コードが二つ目まで確定できたら、次にまた改めてメロディを発展させます。

前述の手順と同じく「ド・レ・ミ・ファ・ソ・ラ・シ」の音を活用して、既に完成していたメロディからつなげるように新たなメロディを考えます

メロディを発展させるときの各種アイディア

実際のところ、この「メロディをどのように発展させるか」は作曲の核ともなる作業で、この点をいかにスムーズにセンス良く行うかが、曲の品質や魅力そのものにもつながります。

以下のページではメロディ作りに関するさまざまなことを解説していますので、これらを参考に是非親しみやすいメロディを作ってみて下さい。
作曲のコツ|メロディの形三種のご紹介(同音連続・ギザギザ・音跳び) メロディのパターン・種類を考える|音階やリズムによる17のアイディア 作曲におけるメロディの作り方 リズム、使うべき音、音の進め方を意識することがポイント

メロディ・コードを交互に発展させる

ここから、メロディとコードそれぞれは互いに発展させることでより大きなものにしていきます

もちろん、先にコードのつながりをある程度作っておいたり、メロディをある程度伸ばしたりすることもできます。

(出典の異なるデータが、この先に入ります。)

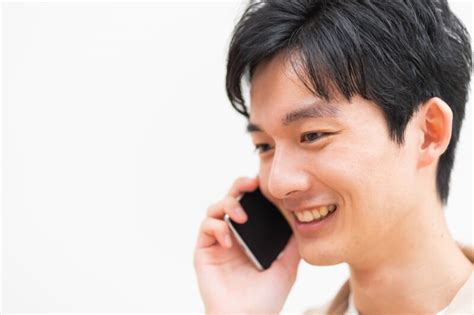 既婚 男性 本気 line|既婚男性が本気になったらどうなる？20の特徴や行動でチェック.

しかし、ここで述べているように「コード→メロディ→コード→メロディ…」と双方を徐々に伸ばしていくやり方が一番自由度が高く、かつ最も無駄がありません

これを私は「(メロディとコードの)追いかけっこ」と呼んでいるのですが、既にご紹介したページにも載せているイメージ図をこちらにも示します。

この図のように、

  • 直前のコードを受けて、ではこのコードに合うメロディは何だろう?
  • 直前のメロディを受けて、ではこれに合うコードは何だろう?

という意識を持ちながら作曲を進めていけると、より理想的です。

5. コード+メロディを大きなブロックにまとめる

メロディとコードがある程度発展できたら、次にそれらを「Aメロ」「Bメロ」など、ブロックと呼ばれる大きなまとまりに発展させていきます。

このブロックの概念は「曲形式」とも呼ばれ、ポップス・ロックなどでは

  • A→B→サビ
  • A→B→A

などの構成が一般的です。

この点については以下のページにて詳しく解説しています。
Aメロ・Bメロ・サビなどの意味と、それらを活用した「曲の形式」の例

規則性への配慮

また、メロディとコードをブロックへ発展させる際には「規則性」に配慮すると、それらがより親しみやすいものになっていきます。

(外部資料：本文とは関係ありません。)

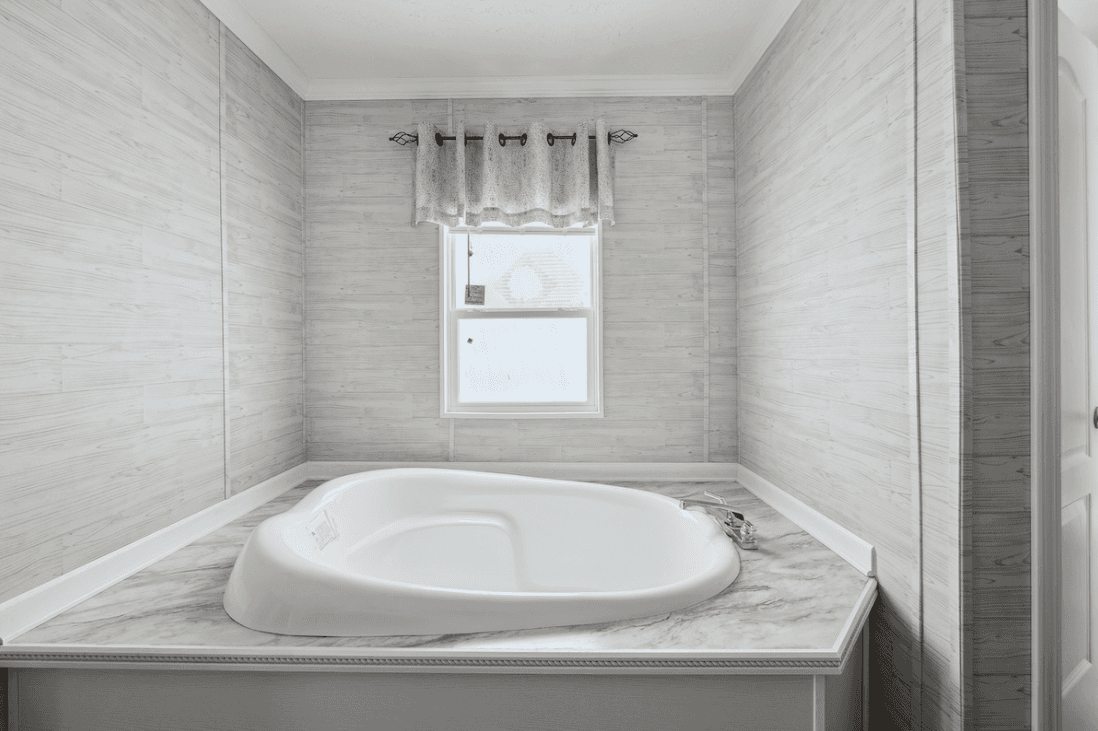 Md-52-32 bathroom home features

この「規則性」とは、簡単にいえば「繰り返しを取り入れる」ということです。

既存の曲をそれらの観点から分析することで、フレーズやコードのつながりがどのように繰り返されているかがわかり、作っている曲をどのようにまとめていけばいいかが把握できるはずです。

▼関連ページ
作曲における曲展開のコツ|繰り返しと規則性をメロディやコード進行に盛り込み、親しみやすい曲にする

6. それらをさらに発展させて一曲にする

ここまで完成したら、あとはそれをさらに発展させていけば一曲に仕上がっていきます

前述した「曲形式」の概念をもとに必要となるブロックを作り、お好みで「イントロ」「間奏」「アウトロ」などを加えて曲が完成します。

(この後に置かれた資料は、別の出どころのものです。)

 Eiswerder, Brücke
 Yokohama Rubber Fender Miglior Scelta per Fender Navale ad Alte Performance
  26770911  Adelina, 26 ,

イントロのアイディアについては、以下のページでもご紹介しています。
【作曲】イントロの作り方|ビートルズの曲を例に挙げてイントロのパターンを解説します。

動画での解説

ここまでの解説を読んでよくわからない方のために、以下の動画でも弾き語りによる作曲のやり方について解説しています。

※解説にはギターを使っていますが、同じことがウクレレでもできます。

こちらも参考にしてみて下さい。

まとめ

ここまでウクレレを使って行う作曲の方法について解説していきました。

ポイントをまとめると、以下のようになります。

  • ウクレレでコードを弾く
  • それを伴奏として、歌ってメロディを考える
  • メロディとコードそれぞれを互いに発展させる
  • それをブロックにまとめ、一曲にしていく

ウクレレによる弾き語りの感覚がつかめている方は、このやり方を通して一曲を無理なく組み立てていくことができるはずです

また、良い曲を作るためには既存の曲を分析したり、音楽理論を学習したりすることも大切です。

試行錯誤しつつ、是非自分らしい一曲を仕上げてみて下さい。

曲が完成したら、歌詞をつけてみんなの前で披露しましょう!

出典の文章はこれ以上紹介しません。